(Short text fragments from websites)
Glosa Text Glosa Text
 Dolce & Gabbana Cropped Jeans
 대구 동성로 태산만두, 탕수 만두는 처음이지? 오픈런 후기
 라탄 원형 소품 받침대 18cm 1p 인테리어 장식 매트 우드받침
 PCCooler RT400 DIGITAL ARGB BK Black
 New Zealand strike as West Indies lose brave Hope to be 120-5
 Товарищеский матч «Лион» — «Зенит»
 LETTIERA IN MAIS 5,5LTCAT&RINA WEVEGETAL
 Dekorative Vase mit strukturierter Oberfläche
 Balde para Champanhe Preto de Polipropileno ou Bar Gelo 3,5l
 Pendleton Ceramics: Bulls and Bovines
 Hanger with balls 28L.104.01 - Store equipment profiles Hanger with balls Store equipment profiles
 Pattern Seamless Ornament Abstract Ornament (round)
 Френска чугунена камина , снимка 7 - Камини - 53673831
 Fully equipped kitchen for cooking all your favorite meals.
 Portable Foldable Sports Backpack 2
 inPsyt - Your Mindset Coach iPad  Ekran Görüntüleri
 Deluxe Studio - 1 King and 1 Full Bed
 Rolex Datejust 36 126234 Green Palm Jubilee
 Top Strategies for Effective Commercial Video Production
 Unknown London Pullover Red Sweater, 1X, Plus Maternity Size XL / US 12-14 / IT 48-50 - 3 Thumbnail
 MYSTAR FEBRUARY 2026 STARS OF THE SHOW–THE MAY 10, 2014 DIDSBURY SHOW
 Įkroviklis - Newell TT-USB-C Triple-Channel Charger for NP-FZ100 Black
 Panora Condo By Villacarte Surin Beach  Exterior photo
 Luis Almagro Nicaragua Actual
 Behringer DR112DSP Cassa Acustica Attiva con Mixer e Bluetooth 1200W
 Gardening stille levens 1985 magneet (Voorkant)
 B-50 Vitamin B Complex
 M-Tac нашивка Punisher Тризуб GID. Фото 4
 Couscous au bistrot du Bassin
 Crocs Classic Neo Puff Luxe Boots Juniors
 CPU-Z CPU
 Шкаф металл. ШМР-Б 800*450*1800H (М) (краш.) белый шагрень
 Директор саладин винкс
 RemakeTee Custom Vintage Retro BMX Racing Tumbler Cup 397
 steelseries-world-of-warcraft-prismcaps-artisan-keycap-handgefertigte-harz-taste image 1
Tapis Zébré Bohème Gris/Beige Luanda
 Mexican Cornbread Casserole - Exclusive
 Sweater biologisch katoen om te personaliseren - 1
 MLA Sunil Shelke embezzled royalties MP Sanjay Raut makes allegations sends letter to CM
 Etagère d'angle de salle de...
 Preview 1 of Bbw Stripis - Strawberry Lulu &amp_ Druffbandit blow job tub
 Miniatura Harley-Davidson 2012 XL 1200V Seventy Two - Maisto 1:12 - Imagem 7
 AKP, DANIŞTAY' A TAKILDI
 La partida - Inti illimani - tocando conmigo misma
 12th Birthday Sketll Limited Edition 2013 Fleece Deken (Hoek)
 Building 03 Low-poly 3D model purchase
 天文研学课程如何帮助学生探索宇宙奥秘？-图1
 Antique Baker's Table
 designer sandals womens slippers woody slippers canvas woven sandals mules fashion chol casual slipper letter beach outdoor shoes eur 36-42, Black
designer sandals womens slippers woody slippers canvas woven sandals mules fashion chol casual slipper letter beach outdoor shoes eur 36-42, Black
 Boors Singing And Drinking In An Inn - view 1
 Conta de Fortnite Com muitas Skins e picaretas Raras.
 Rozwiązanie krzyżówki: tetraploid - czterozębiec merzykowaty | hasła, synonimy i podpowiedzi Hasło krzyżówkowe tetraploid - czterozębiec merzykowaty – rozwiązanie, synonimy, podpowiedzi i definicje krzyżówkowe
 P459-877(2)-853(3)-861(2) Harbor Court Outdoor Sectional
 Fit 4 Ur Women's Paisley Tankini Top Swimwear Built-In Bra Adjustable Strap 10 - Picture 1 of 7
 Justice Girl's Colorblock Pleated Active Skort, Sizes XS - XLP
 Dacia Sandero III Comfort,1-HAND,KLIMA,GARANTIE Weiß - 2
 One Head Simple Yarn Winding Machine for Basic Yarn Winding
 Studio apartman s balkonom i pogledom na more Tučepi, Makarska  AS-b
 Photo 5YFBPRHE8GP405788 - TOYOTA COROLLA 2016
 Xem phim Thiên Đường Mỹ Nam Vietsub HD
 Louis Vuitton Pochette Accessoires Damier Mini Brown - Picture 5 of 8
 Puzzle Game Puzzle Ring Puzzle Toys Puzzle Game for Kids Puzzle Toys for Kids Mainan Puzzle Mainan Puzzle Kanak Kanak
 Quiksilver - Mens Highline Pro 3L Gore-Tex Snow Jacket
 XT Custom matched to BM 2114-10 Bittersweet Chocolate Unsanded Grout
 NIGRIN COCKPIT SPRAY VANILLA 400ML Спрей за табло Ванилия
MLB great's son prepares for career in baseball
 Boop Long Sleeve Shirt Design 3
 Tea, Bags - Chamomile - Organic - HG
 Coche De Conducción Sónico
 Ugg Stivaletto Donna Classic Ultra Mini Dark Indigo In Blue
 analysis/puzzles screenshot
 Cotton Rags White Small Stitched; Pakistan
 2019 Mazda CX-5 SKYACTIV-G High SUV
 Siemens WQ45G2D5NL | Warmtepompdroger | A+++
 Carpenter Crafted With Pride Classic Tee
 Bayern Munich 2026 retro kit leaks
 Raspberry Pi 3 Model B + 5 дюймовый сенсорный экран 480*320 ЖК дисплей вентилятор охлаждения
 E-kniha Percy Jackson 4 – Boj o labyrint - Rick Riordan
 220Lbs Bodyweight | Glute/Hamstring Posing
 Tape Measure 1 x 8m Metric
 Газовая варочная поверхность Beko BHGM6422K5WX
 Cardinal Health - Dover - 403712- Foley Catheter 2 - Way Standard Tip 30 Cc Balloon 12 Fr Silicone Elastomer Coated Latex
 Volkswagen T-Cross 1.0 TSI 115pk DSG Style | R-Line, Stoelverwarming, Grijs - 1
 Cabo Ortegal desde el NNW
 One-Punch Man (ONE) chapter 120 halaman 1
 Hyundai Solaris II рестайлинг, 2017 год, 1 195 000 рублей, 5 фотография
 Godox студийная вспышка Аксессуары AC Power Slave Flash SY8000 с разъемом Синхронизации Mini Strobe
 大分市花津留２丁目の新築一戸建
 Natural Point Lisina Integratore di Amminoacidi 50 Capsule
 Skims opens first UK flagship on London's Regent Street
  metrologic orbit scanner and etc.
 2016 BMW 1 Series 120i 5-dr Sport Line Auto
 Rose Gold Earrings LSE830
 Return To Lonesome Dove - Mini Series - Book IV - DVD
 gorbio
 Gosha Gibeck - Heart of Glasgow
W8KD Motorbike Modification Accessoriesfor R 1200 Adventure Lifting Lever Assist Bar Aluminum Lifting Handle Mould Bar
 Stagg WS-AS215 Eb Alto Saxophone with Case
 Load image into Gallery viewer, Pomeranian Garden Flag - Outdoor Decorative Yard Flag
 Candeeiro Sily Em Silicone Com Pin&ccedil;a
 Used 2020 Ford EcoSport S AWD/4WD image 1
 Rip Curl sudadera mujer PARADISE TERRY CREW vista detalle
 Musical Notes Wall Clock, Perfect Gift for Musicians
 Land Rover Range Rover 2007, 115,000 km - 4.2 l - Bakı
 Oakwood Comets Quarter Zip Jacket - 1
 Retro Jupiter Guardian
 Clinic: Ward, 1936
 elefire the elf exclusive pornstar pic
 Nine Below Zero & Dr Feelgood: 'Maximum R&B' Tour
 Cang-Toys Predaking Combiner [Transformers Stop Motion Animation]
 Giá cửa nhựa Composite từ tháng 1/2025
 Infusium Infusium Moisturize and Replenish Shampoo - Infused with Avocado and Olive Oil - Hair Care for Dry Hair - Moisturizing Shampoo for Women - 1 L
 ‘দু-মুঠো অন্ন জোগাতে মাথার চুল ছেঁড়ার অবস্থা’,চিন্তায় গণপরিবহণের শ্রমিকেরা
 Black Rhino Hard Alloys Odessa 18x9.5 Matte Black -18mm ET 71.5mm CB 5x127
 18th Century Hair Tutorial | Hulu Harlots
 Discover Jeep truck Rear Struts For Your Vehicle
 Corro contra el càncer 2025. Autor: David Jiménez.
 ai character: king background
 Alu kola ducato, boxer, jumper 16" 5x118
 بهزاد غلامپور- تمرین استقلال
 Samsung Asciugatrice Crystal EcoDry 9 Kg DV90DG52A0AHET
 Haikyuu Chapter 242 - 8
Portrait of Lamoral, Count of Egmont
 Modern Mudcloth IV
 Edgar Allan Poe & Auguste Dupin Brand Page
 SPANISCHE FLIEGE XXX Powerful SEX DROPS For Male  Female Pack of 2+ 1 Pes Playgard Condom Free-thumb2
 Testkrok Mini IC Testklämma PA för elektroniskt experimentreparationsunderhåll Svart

Problem to work on: Beginning at the line with "Xem phim Thiên Đường Mỹ Nam Vietsub HD" and stopping after the line with "大分市花津留２丁目の新築一戸建", please write out every line of the data above exactly and nothing else.

Your solution:
 Xem phim Thiên Đường Mỹ Nam Vietsub HD
 Louis Vuitton Pochette Accessoires Damier Mini Brown - Picture 5 of 8
 Puzzle Game Puzzle Ring Puzzle Toys Puzzle Game for Kids Puzzle Toys for Kids Mainan Puzzle Mainan Puzzle Kanak Kanak
 Quiksilver - Mens Highline Pro 3L Gore-Tex Snow Jacket
 XT Custom matched to BM 2114-10 Bittersweet Chocolate Unsanded Grout
 NIGRIN COCKPIT SPRAY VANILLA 400ML Спрей за табло Ванилия
MLB great's son prepares for career in baseball
 Boop Long Sleeve Shirt Design 3
 Tea, Bags - Chamomile - Organic - HG
 Coche De Conducción Sónico
 Ugg Stivaletto Donna Classic Ultra Mini Dark Indigo In Blue
 analysis/puzzles screenshot
 Cotton Rags White Small Stitched; Pakistan
 2019 Mazda CX-5 SKYACTIV-G High SUV
 Siemens WQ45G2D5NL | Warmtepompdroger | A+++
 Carpenter Crafted With Pride Classic Tee
 Bayern Munich 2026 retro kit leaks
 Raspberry Pi 3 Model B + 5 дюймовый сенсорный экран 480*320 ЖК дисплей вентилятор охлаждения
 E-kniha Percy Jackson 4 – Boj o labyrint - Rick Riordan
 220Lbs Bodyweight | Glute/Hamstring Posing
 Tape Measure 1 x 8m Metric
 Газовая варочная поверхность Beko BHGM6422K5WX
 Cardinal Health - Dover - 403712- Foley Catheter 2 - Way Standard Tip 30 Cc Balloon 12 Fr Silicone Elastomer Coated Latex
 Volkswagen T-Cross 1.0 TSI 115pk DSG Style | R-Line, Stoelverwarming, Grijs - 1
 Cabo Ortegal desde el NNW
 One-Punch Man (ONE) chapter 120 halaman 1
 Hyundai Solaris II рестайлинг, 2017 год, 1 195 000 рублей, 5 фотография
 Godox студийная вспышка Аксессуары AC Power Slave Flash SY8000 с разъемом Синхронизации Mini Strobe
 大分市花津留２丁目の新築一戸建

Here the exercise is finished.